= Clark Ross =

Clark Winslow Ross is a Canadian composer, guitarist, and music educator of Venezuelan birth. A composer of mainly works for orchestra and chamber music, he has won first prize in composition competitions held by the Hamilton Philharmonic (1993, for Passage 1), the Winnipeg Symphony Orchestra (1993, for Passage 3), Symphony Nova Scotia (2002, for Three Lorca Sketches), and the Newfoundland and Labrador Arts and Letters (2002). He has received grants from a number of notable organizations, including the Canada Council, the Canadian Broadcasting Corporation, the Newfoundland Symphony Orchestra, and the Royal Bank of Canada among others. His compositions have been performed throughout North America and in Europe.

Born in Maracaibo in 1957, Ross entered The Royal Conservatory of Music in Toronto in 1980, earning an Associate diploma there in 1985. While there he studied music composition with Samuel Dolin. He continued with further studies in music composition at the University of Toronto where he was a pupil of John Beckwith.
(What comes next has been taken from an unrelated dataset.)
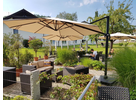 Eigentümer Bilder Landhotel Sonnenhalde Bad Boll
There he earned a Master of Music in 1986 and a Doctor of Music in 1992. In 1988 he was an artist-in-residence at the Banff Centre for the Arts and held the same title at Stanford University in 1989. In 2003 he was composer-in-residence at the Waterford New Music Festival in Ireland.
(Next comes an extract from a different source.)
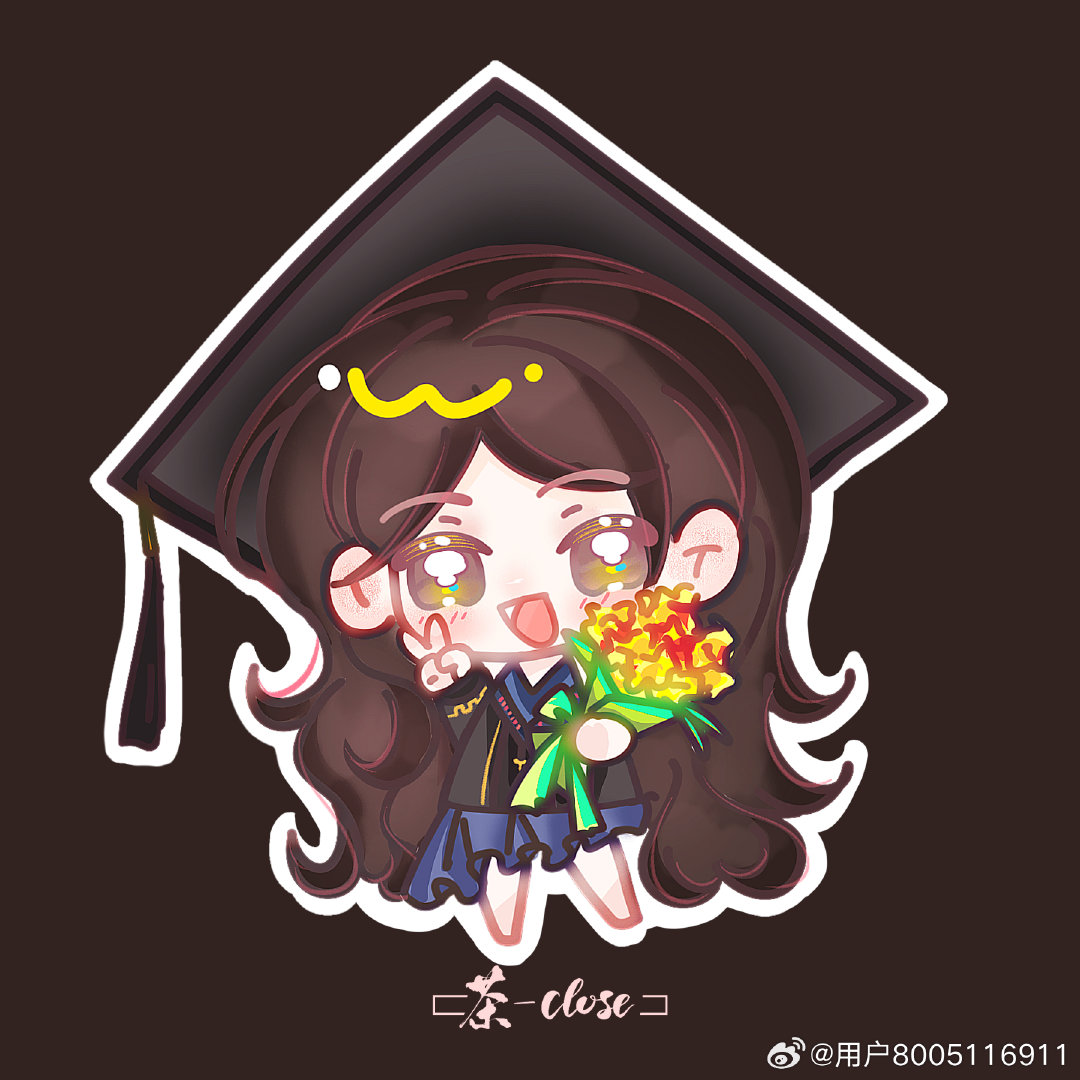张子枫×唐河清 
chapter2 ​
While a graduate student, he taught on the music faculties of the Royal Conservatory from 1987 to 1992 and McMaster University in 1990–1991. Since 1992 he has been a professor of electronic music, guitar, music composition, music theory, and orchestration at Memorial University of Newfoundland. He was notably the recipient of Memorial University's President's Award for Outstanding Research in 1999. From 1997 to 2002 he was director of evening services at St. Thomas' Anglican Church in St. John's, Newfoundland.

He is currently married to Jennifer Porter, Religious Studies professor at MUN, and father of Julia, Andrew, and Alexander.